El ion fluoruro y los compuestos de flúor tienen muchos usos importantes. Los compuestos de carbono, hidrógeno y flúor están reemplazando a los freones (compuestos de carbono, cloro y flúor) como refrigerantes. El teflón es un polímero compuesto por unidades —CF ₂ _{CF 2} —. El ion fluoruro se agrega a los suministros de agua y a algunas pastas dentales como SnF ₂ o NaF para combatir la caries dental. El fluoruro convierte parcialmente los dientes de Ca ₅ (PO ₄) ₃ (OH) en Ca ₅ (PO ₄) ₃ F.
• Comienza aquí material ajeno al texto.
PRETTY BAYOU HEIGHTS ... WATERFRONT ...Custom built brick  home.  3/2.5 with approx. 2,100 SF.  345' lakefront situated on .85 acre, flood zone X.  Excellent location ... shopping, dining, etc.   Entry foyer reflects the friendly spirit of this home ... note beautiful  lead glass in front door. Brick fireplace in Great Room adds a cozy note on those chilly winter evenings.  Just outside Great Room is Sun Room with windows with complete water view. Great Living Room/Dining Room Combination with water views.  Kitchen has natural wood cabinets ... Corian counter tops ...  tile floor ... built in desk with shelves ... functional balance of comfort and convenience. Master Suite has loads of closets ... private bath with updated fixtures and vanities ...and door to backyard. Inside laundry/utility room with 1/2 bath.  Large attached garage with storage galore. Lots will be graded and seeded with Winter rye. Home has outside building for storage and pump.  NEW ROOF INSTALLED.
El cloro es importante para blanquear la pulpa de madera y la tela de algodón. El cloro reacciona con el agua para formar ácido hipocloroso, que oxida las sustancias coloreadas a incoloras. Grandes cantidades de cloro son importantes en la cloración de hidrocarburos (reemplazando hidrógeno por cloro) para producir compuestos como tetracloruro (CCl ₄), cloroformo (CHCl ₃) y cloruro de etilo (C ₂ H ₅ Cl), y en la producción de cloruro de polivinilo (PVC) y otros polímeros. El cloro también es importante para matar las bacterias en los suministros de agua de la comunidad.

El bromo es importante en la producción de ciertos colorantes, y los bromuros de sodio y potasio se utilizan como sedantes. En un momento, el bromuro de plata sensible a la luz fue un componente de la película fotográfica.

El yodo en solución de alcohol con yoduro de potasio es un antiséptico (tintura de yodo). Las sales yoduro son esenciales para el buen funcionamiento de la glándula tiroides; una deficiencia de yodo puede conducir al desarrollo de un bocio. La sal de mesa yodada contiene 0.023% de yoduro de potasio. El yoduro de plata es útil en la siembra de nubes para inducir lluvia; fue importante en la producción de película fotográfica y el yodoforme, CHI ₃, es un antiséptico.

Resumen

Los halógenos forman haluros con menos elementos electronegativos. Los haluros de los metales varían de iónicos a covalentes; los haluros de los no metales son covalentes. Los interhalógenos se forman por la combinación de dos o más halógenos diferentes. Todos los metales representativos reaccionan directamente con halógenos elementales o con soluciones de los ácidos hidrohalogenados (HF, HCl, HBr e HI) para producir haluros metálicos representativos. Otras preparaciones de laboratorio implican la adición de ácidos hidrohalogenados acuosos a compuestos que contienen tales aniones básicos, como hidróxidos, óxidos o carbonatos.